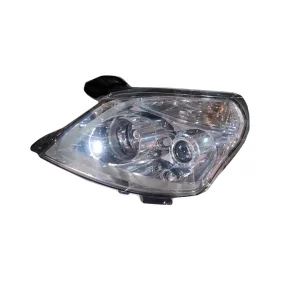 Foton Tunland Bj3027 24v Voltage Halogen & Xenon Headlights for Car Truck Body Parts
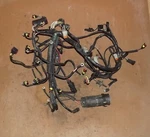 Evinrude Hp Stroke Wire Harness Assembly Pn 0586898 Fits 2008. Fixed Price $70.00.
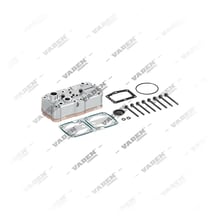 12 24 10 Cabeçote, Kit reparo do compressor de freio a ar
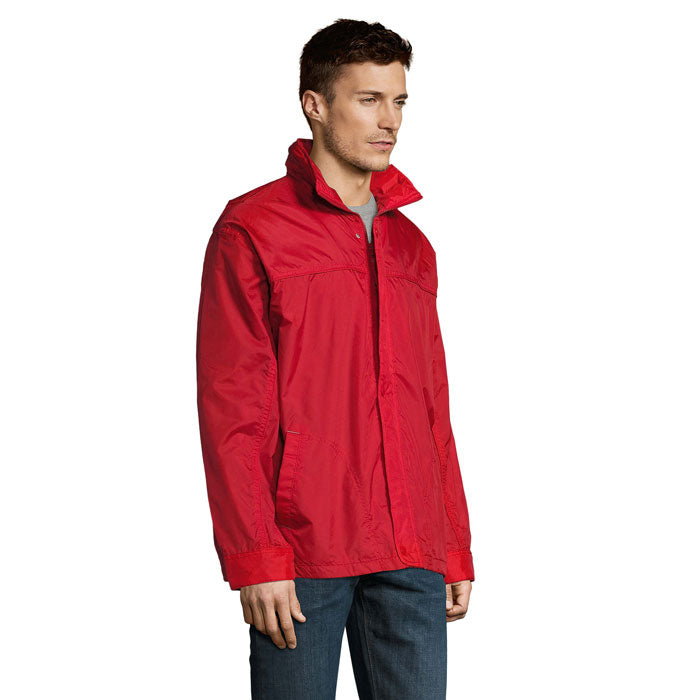 MISTRAL HERR WINDBREAK JAC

──────────────────────────────

▸ What is being asked: With the images excluded, reproduce the data above precisely as written.

▸ Problem solution:
 Foton Tunland Bj3027 24v Voltage Halogen & Xenon Headlights for Car Truck Body Parts
 Evinrude Hp Stroke Wire Harness Assembly Pn 0586898 Fits 2008. Fixed Price $70.00.
 12 24 10 Cabeçote, Kit reparo do compressor de freio a ar
 MISTRAL HERR WINDBREAK JAC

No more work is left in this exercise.